---------- Recorded information ----------
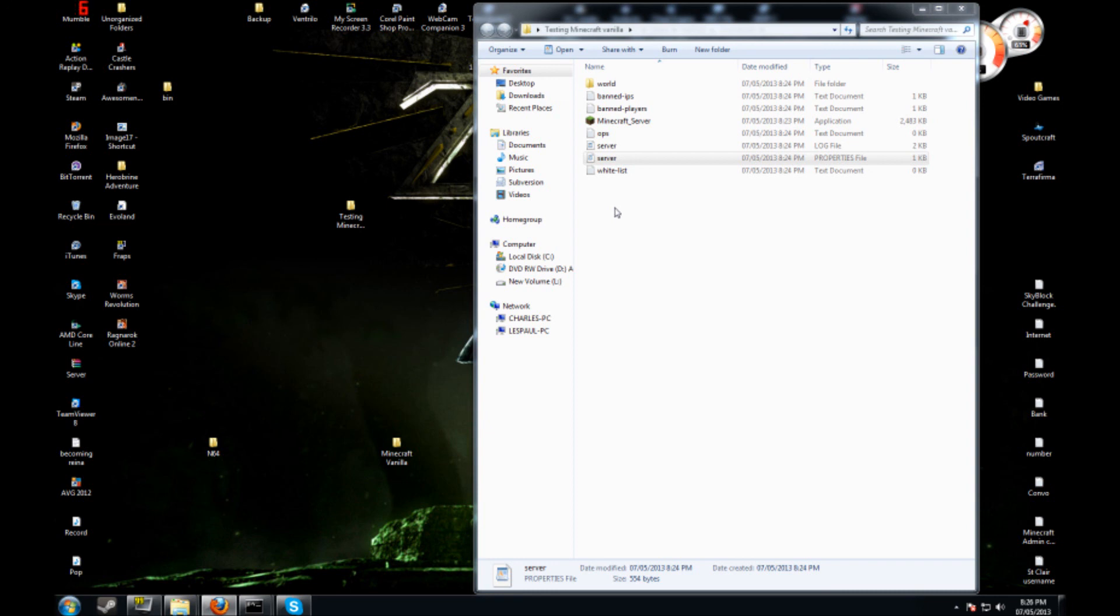Once I get everything set up I'm going to show you guys how to make an actual bucket server. That will be in my next video. I'm not going to do it on this one.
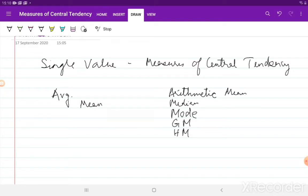We also have a general look at positional values like the quartiles, deciles, and so on. So we will start off today with arithmetic mean.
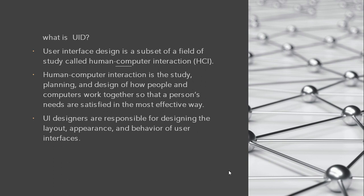Human-Computer Interaction is basically a main study, planning and design of how people and computers interact with each other and work together to satisfy the human or a person's needs. UI, user interface designers are responsible for designing the layout, appearance, and behavior of user interfaces.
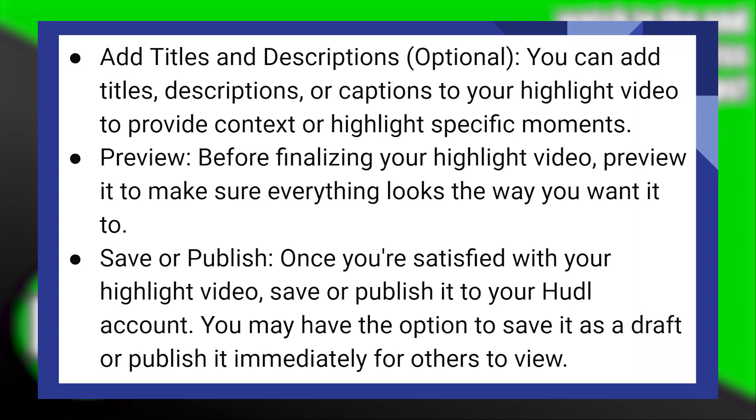You can add titles, descriptions, or captions to your highlight video to provide context or highlight specific moments.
----------
• [Activity]
Word for word, output the lines from the beginning of the listing through the line holding "We also have" and nothing beyond them. Omit the pictures.

• [The answer]
Once I get everything set up I'm going to show you guys how to make an actual bucket server. That will be in my next video. I'm not going to do it on this one.
We also have a general look at positional values like the quartiles, deciles, and so on. So we will start off today with arithmetic mean.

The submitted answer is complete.